* _EXERCISE_: Copy out the listing that follows exactly, dropping every picture.

* _PROVIDED MATERIAL_:
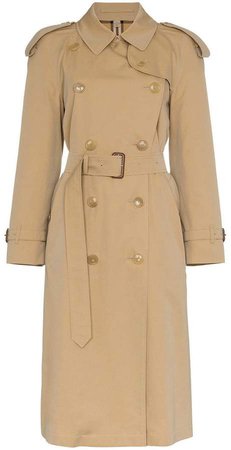 Beige Westminster belted double breasted trench coat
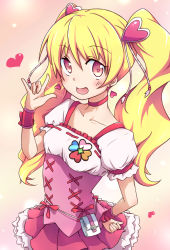 Rule 34 | 00s, 1girl, blonde hair, blush, choker, cure peach, dress, earrings, eyelashes, fresh precure!, hair ornament, happy, heart, heart hair ornament, highres, jewelry, kirimochi, long hair, looking at viewer, magical girl, momozono love, open mouth, pink dress, pink eyes, precure, smile, solo, standing, twintails, wrist cuffs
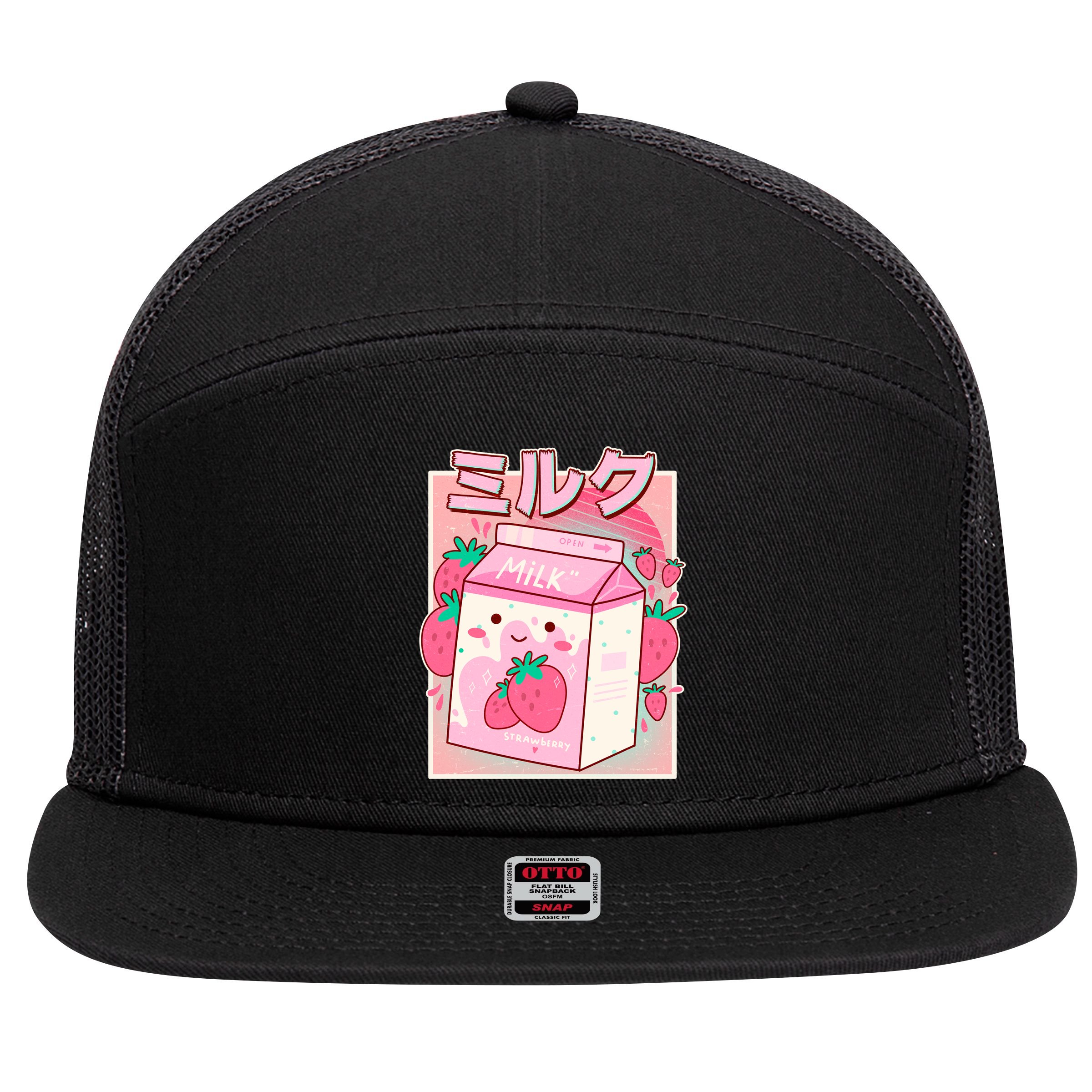 Cute Kawaii Japanese Strawberry Milk 7 Panel Mesh Trucker Snapback Hat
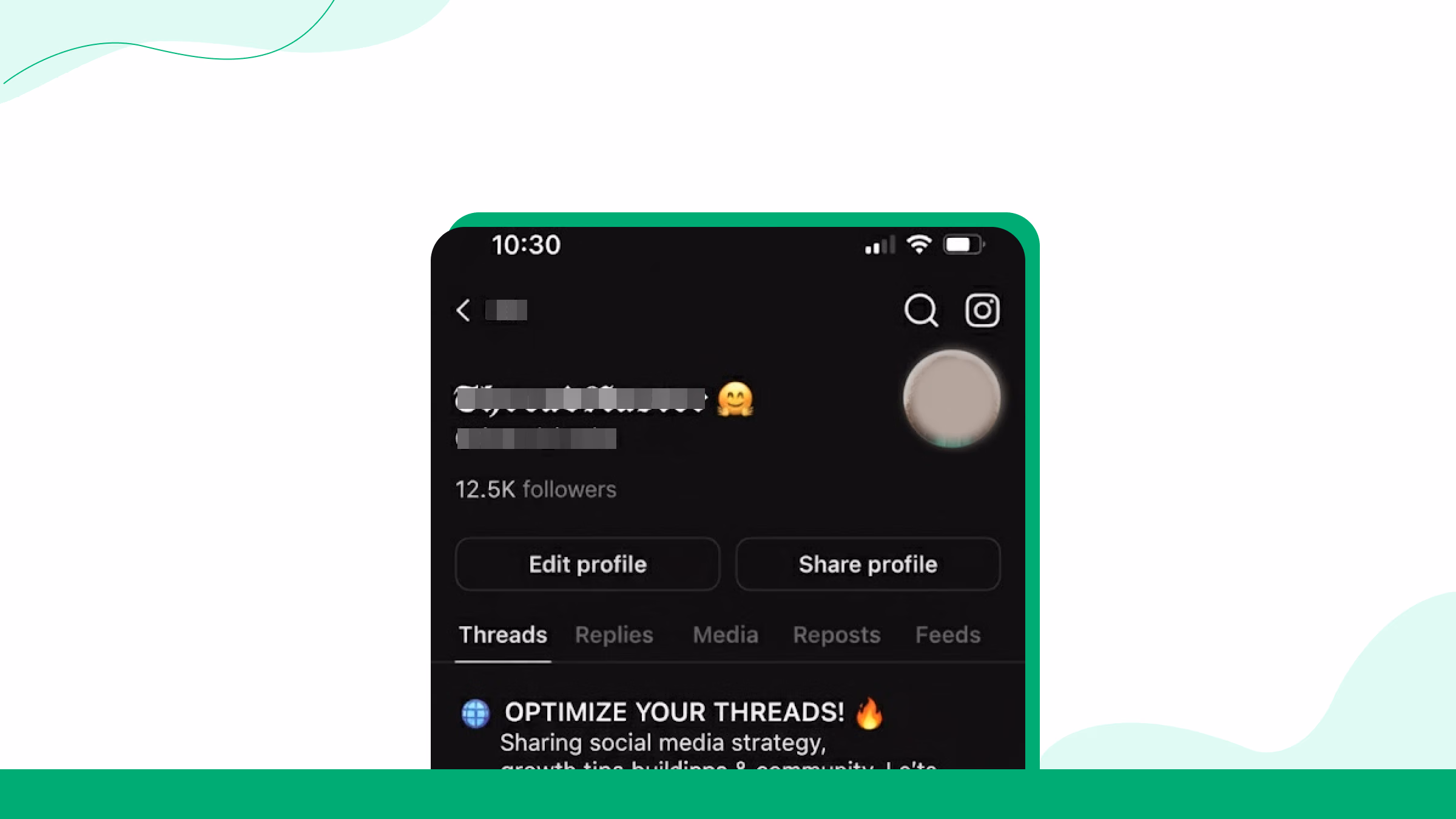 1. Otimize seu perfil de threads para o Discovery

* _EXERCISE OUTPUT_:
 Beige Westminster belted double breasted trench coat
 Rule 34 | 00s, 1girl, blonde hair, blush, choker, cure peach, dress, earrings, eyelashes, fresh precure!, hair ornament, happy, heart, heart hair ornament, highres, jewelry, kirimochi, long hair, looking at viewer, magical girl, momozono love, open mouth, pink dress, pink eyes, precure, smile, solo, standing, twintails, wrist cuffs
 Cute Kawaii Japanese Strawberry Milk 7 Panel Mesh Trucker Snapback Hat
 1. Otimize seu perfil de threads para o Discovery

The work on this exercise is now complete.